Теперь нет кузниц, где выковали бы меч Тристана. В этот час свет безжалостен, но это — свет. Быть может, мы наконец видим солнце?
* * *Брожу по городу. День за днем я путешествую в самом себе и в этом хаосе бетона и эгоизма.
В нерешительности сижу перед чистым листом бумаги. Точным словом было бы слово «справедливость». А глаголом к нему, выражающим действие, — глагол «требовать». Но требуй не требуй — все впустую. Мы понимаем, что все равно надо требовать. Да, надо. Иногда те, кто глух к четырем слогам этого «подрывного» слова «справедливость» — есть справедливость и есть правосудие, как всем известно, — здесь мы имеем в виду справедливость, которая неподсудна, — так вот эти христиане (на новый или на старый лад) иногда открывают уши слову «милосердие», от которого у нас отвратительный вкус во рту: на губах, языке, зубах, нёбе.
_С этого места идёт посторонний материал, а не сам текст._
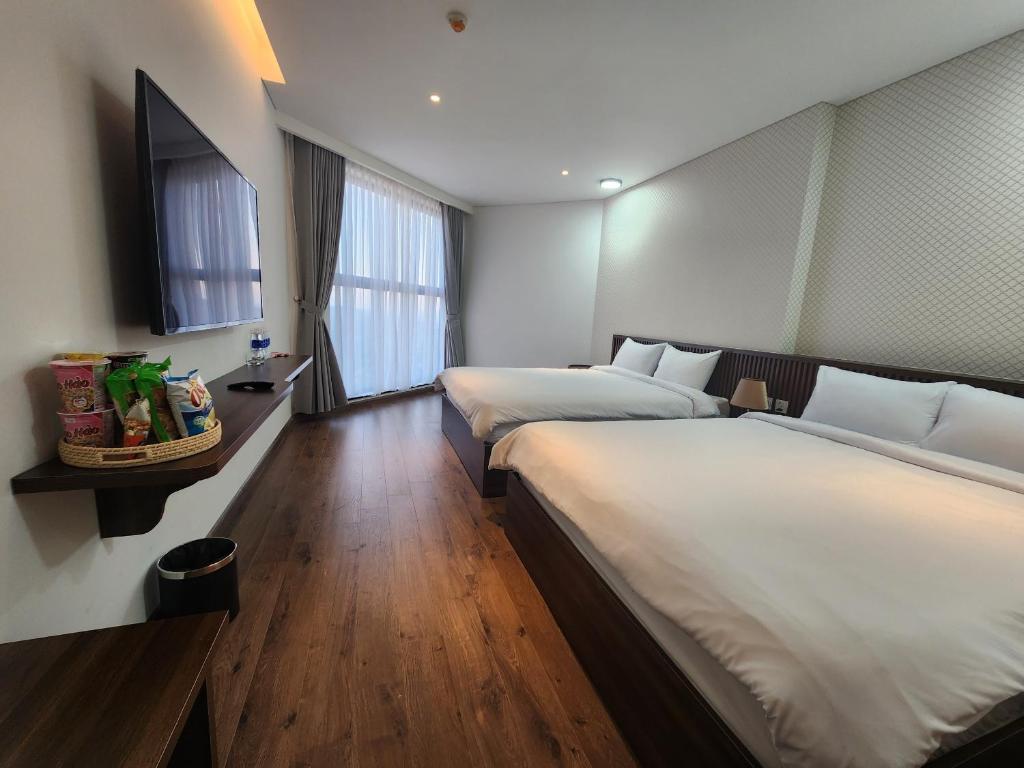um quarto de hotel com duas camas e uma janela em Apec Mandala Mui Ne MD em Ấp Thiẹn Ái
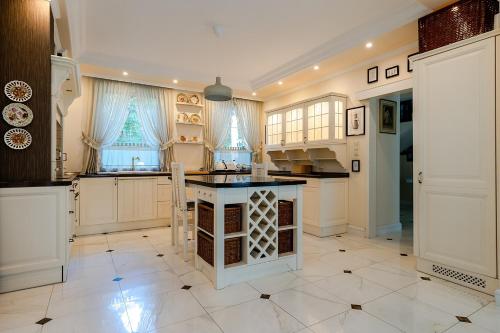 a large kitchen with white cabinets and a kitchen island at Comfortable 4 bedroom villa outdoor wood-fired sauna Warsaw in Magdalenka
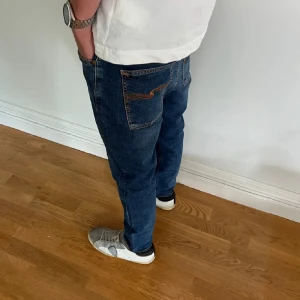 Nudie Jeans - Snygga blå jeans från Nudie Jeans med klassisk femficksdesign och kontrastsömmar på bakfickorna. Jeansen har en rak passform och är tillverkade i mjukt denimtyg av bomull. Perfekta för en avslappnad och stilren look. Slim fit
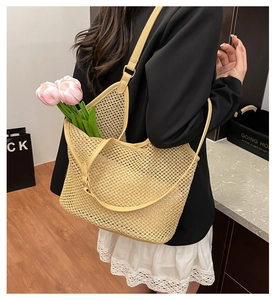 Detail of hollow woven tote bag with beige mesh texture and leather strap attachment
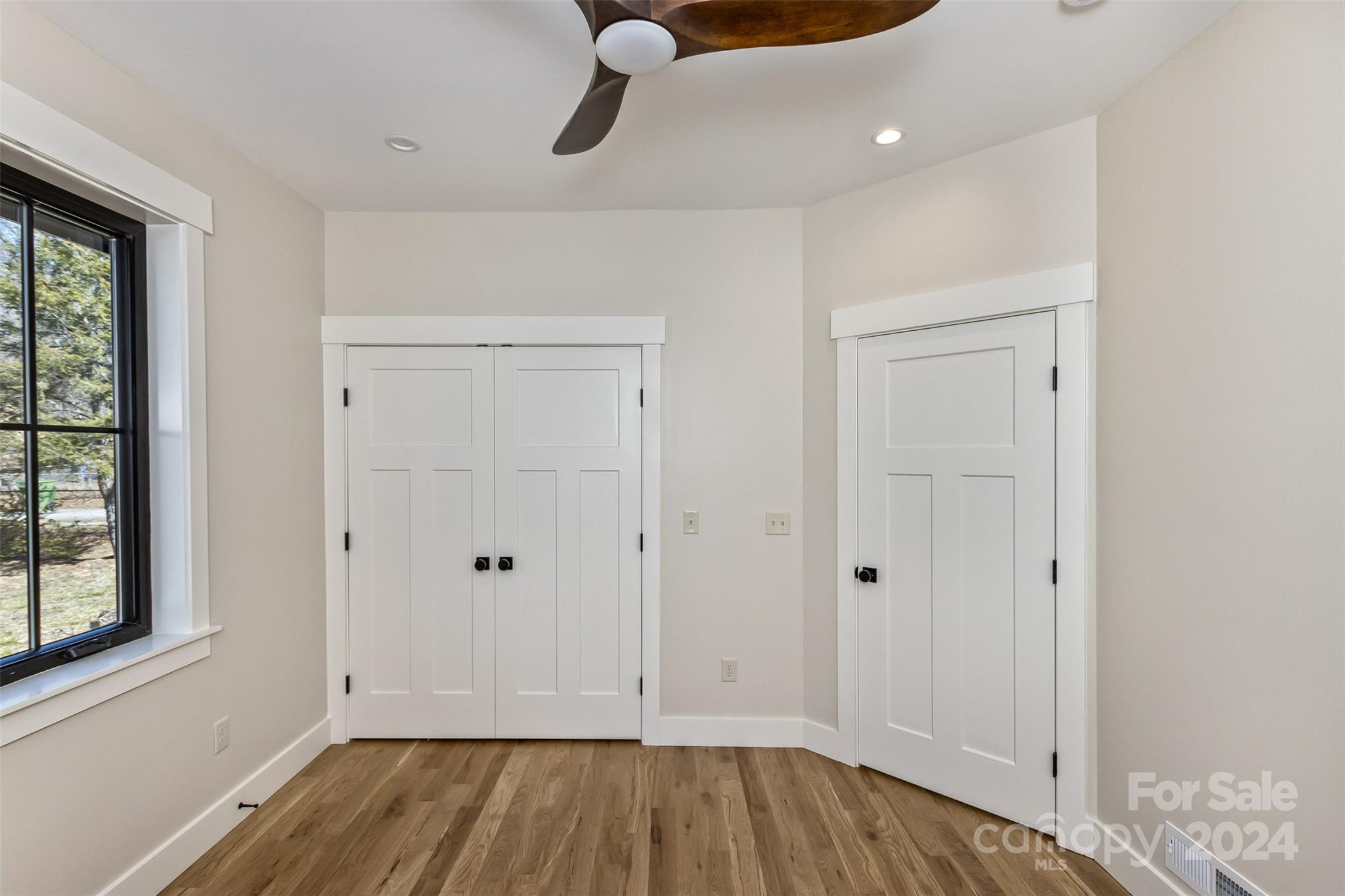 157 Gashes Creek Road Asheville, NC 28805 - Photo 29 of 43 a view of room with hardwood floor and window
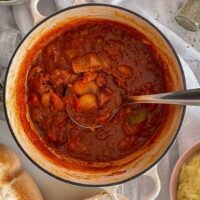 lamb stifado in cooking dish.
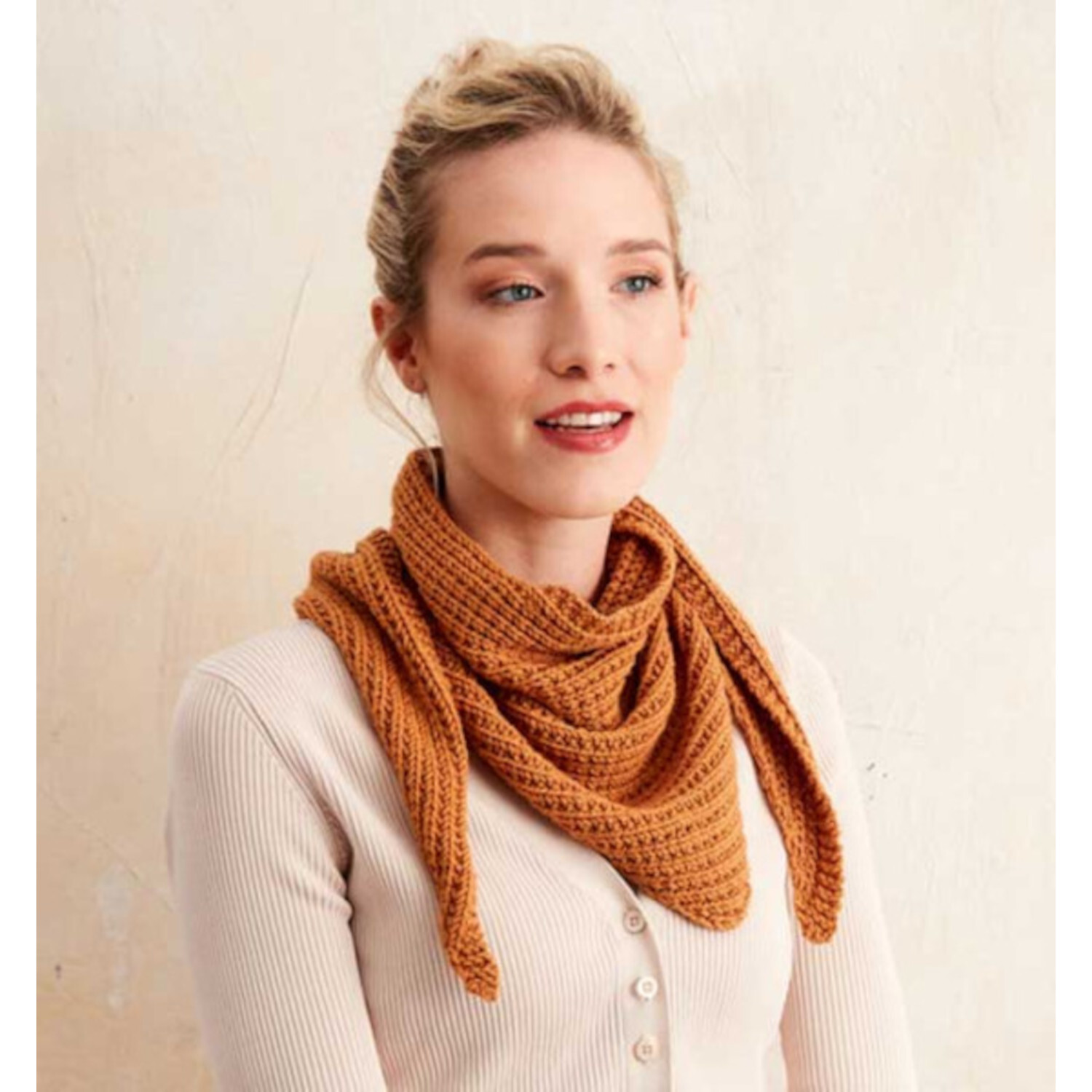 Stricken mit Struktur: Frau trägt gestrickten, orangefarbenen Schal. Elegantes Design von TOPP.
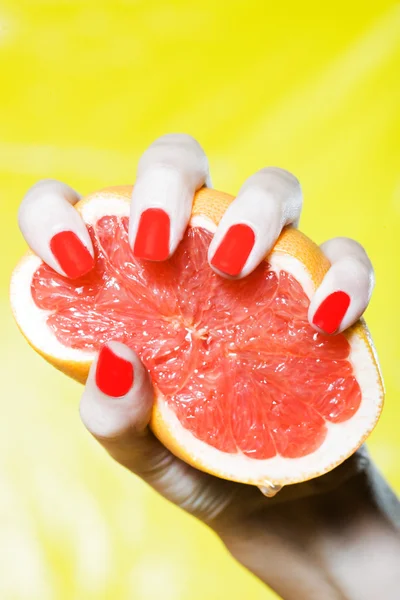 Frau drückt Hand auf eine Grapefruit — Stockfoto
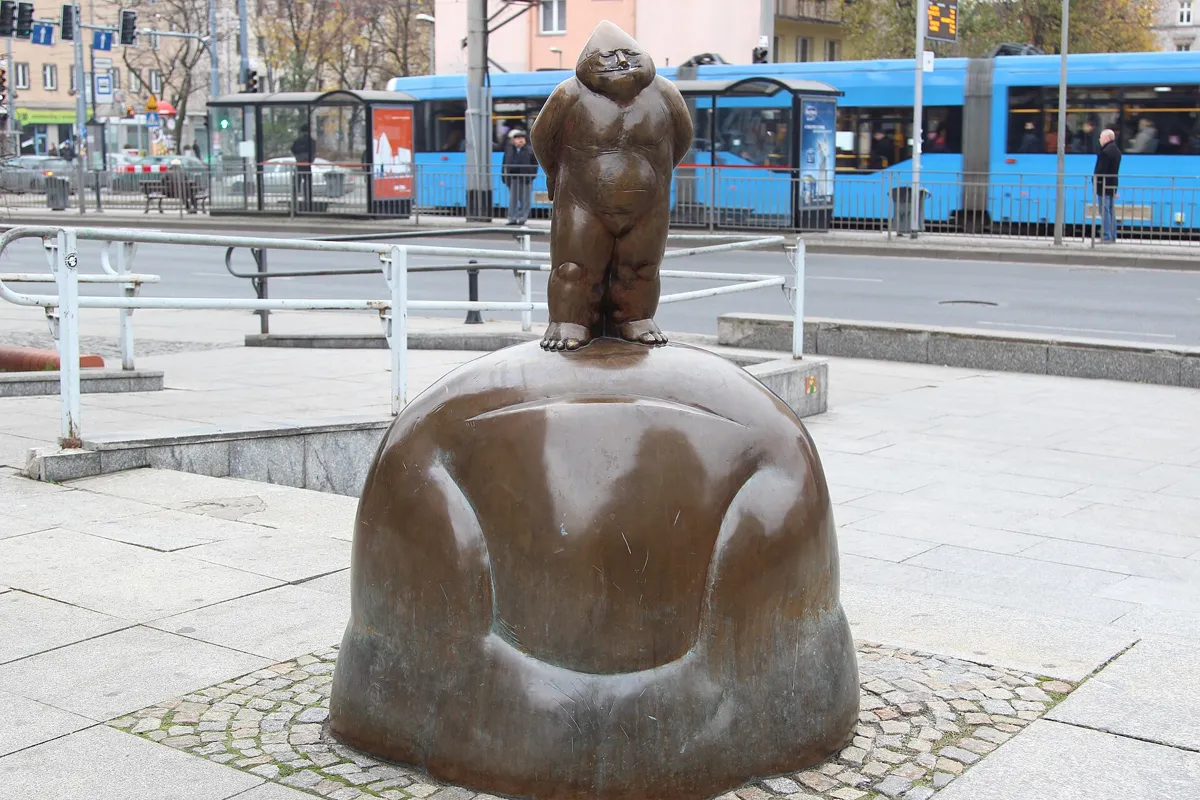 Papa Krasnal, the first bronze dwarf of Wrocław, standing on a rounded plinth near a tram stop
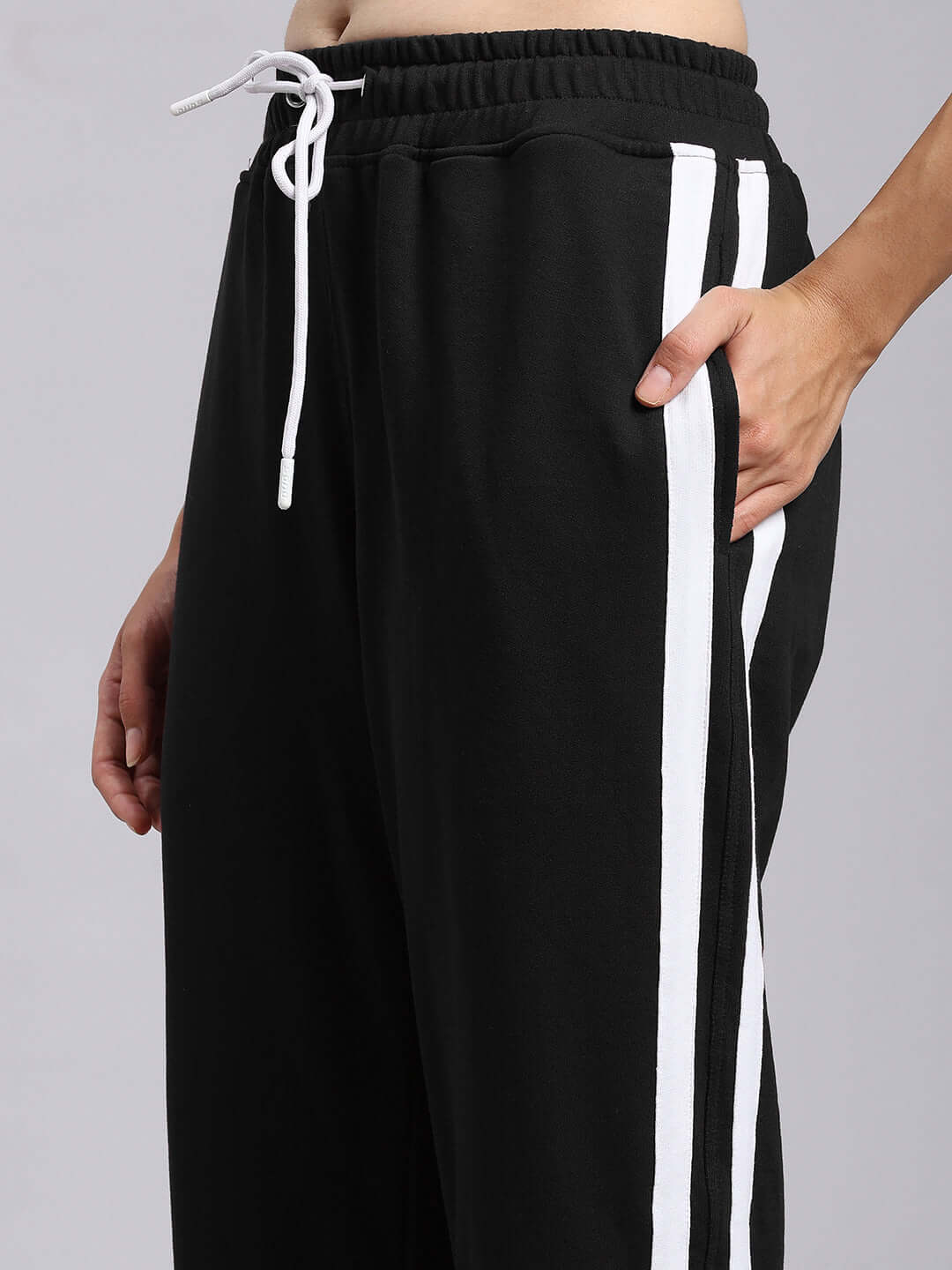 Close-up of WOMENS MOSCOW RELAXED FIT JOGGERS BLACK with white stripes.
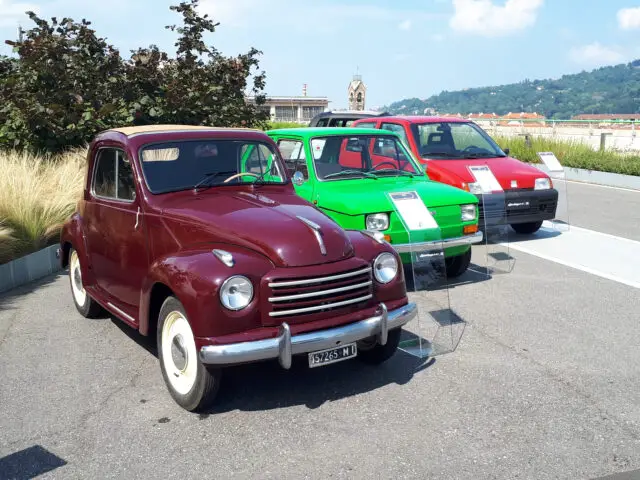 Drie oldtimers, waaronder een klassieke Fiat, een kastanjebruine, een groene en een rode, staan tentoongesteld op een parkeerplaats buiten met informatieborden ernaast. Een schilderachtige achtergrond bestaat uit bomen en een klokkentoren in de verte.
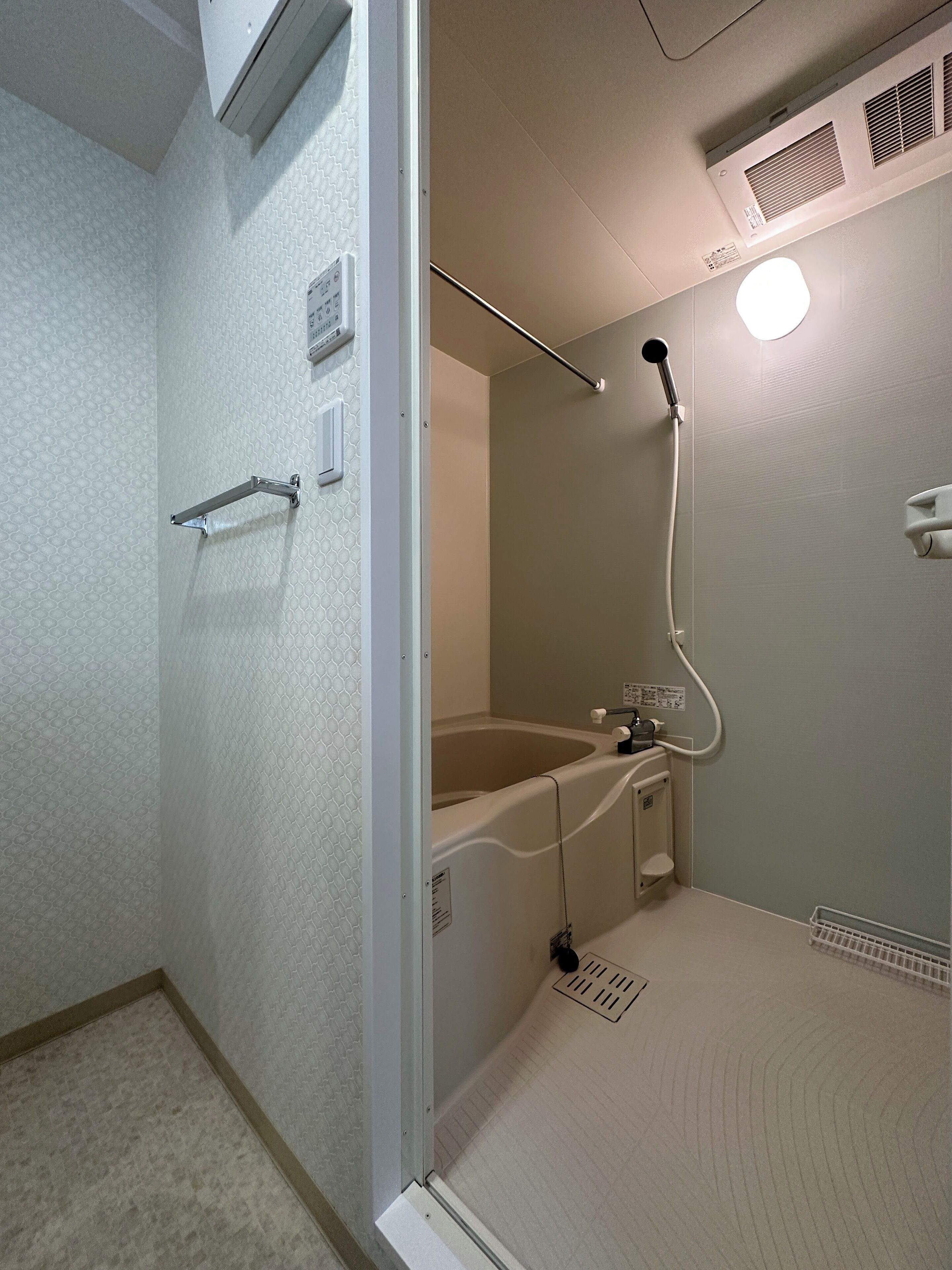 A bathroom with a shower, a bathtub, and a toilet.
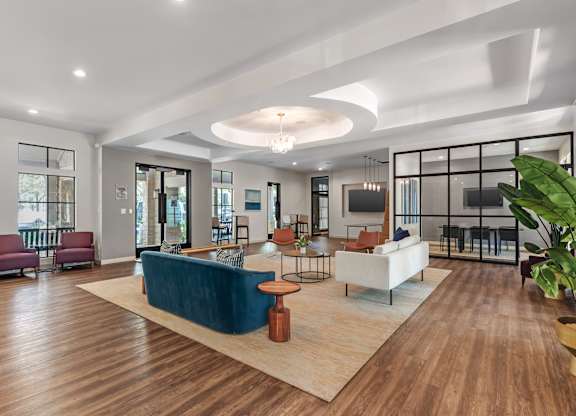 A modern living room with a blue sofa and wooden floors.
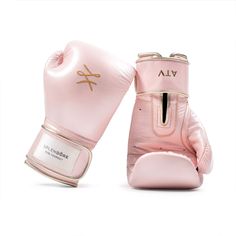 two pink boxing gloves sitting side by side on top of each other, one has a gold logo on it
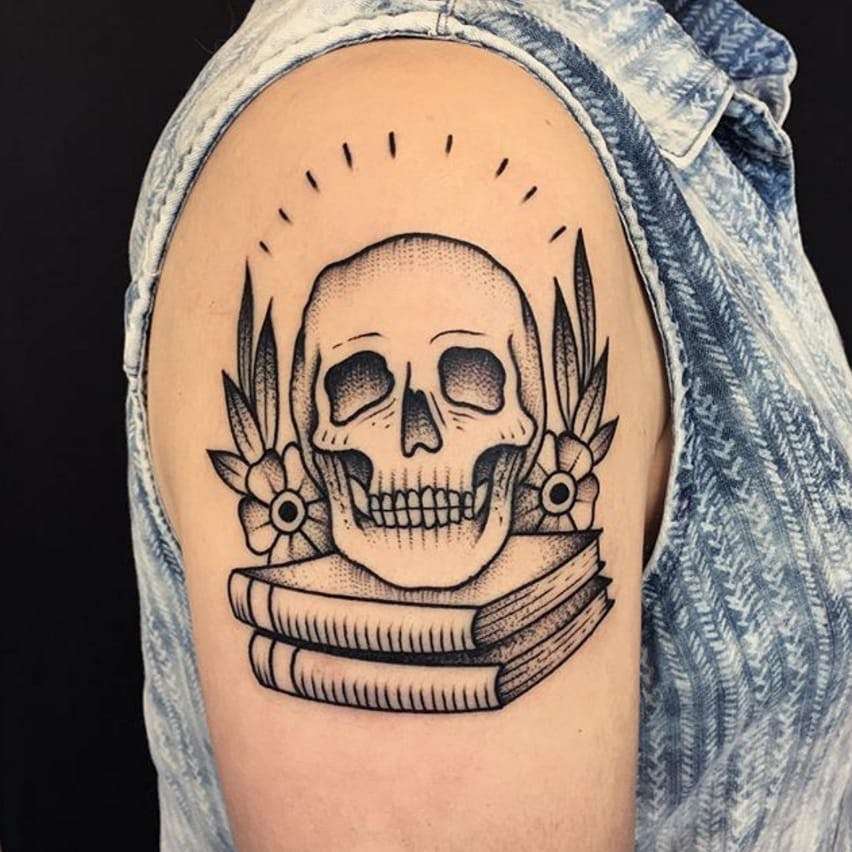 Tatuaje de calavera sobre dos libros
О чем, собственно, речь? О старых людях, больных и одиноких: у них распухшие уши, воспаленные, гноящиеся глаза без ресниц, с застывшей слезой в уголке глаза, а сами они — куча тряпья, сгусток мертвой, почти мертвой крови, человеческого пепла… Когда кто-нибудь из; них умирает, его тело не всегда уносят в ту же ночь… И нередко на всю палату звучат бесчеловечные, безжалостные слова: «А его сосед-то тоже еле дышит. Того и гляди, отправится вдогонку!» Бездушие людей к себе подобным, когда те обижены судьбой, будь то бедняки, престарелые или негры, — вот где предел неосознанной жестокости.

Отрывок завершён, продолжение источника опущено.